What does this poem tell us about the meaning of life? The poem gives us a glimpse into what can send us careening off the road to happiness – the lack of the virtue of moderation or temperance.
This poem is one of the most beloved in American literature. A baseball team from Mudville is losing the game. Both the team and its fans are confident that they can win the game if Mighty Casey, the team’s star player, can get to bat. He gets the chance with two men on base and two outs in the bottom of the ninth. Casey is so confident of his abilities that he does not swing at the first two pitches, both called strikes. On the third pitch he swings, striking out, ending the game and sending the crowd home angry at his arrogance.
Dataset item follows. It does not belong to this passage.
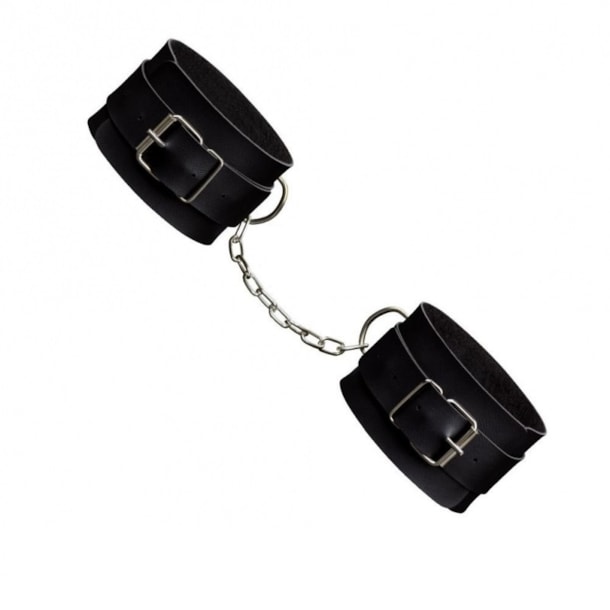 image_79ca000d-5645-44a7-aeb8-4e8f31f08b7b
This poem represents a hero, the star player, who, with great athletic abilities, was given the opportunity to fight the many trials of an adventure in search of a great gift – a winning season and a winning team. However, this hero lacks the virtue of moderation needed to fight the trials and win the game. His lack of humility causes the game and the season to be lost. As a result of his arrogance, Casey, the hero, returns to the everyday world and becomes another average player, and his society (his team and fans) are without the joy of a winning game.
So, Casey became a hero on an adventure due to his great athletic abilities. But, he was destined to fail. Why? Because he lacked the virtue of moderation or humility. He gave into the temptation of arrogance or pride. He had some of the virtues needed to be a hero – perhaps wisdom and courage, but he lacked a third vital virtue. Without this third virtue, he would soon lose his hero status and return to being an average baseball player, and his society would not benefit from the great gifts (a winning season) that Casey was sent to capture.
What is the lesson learned? The virtue of moderation is needed to resist the temptations along our personal roads to happiness.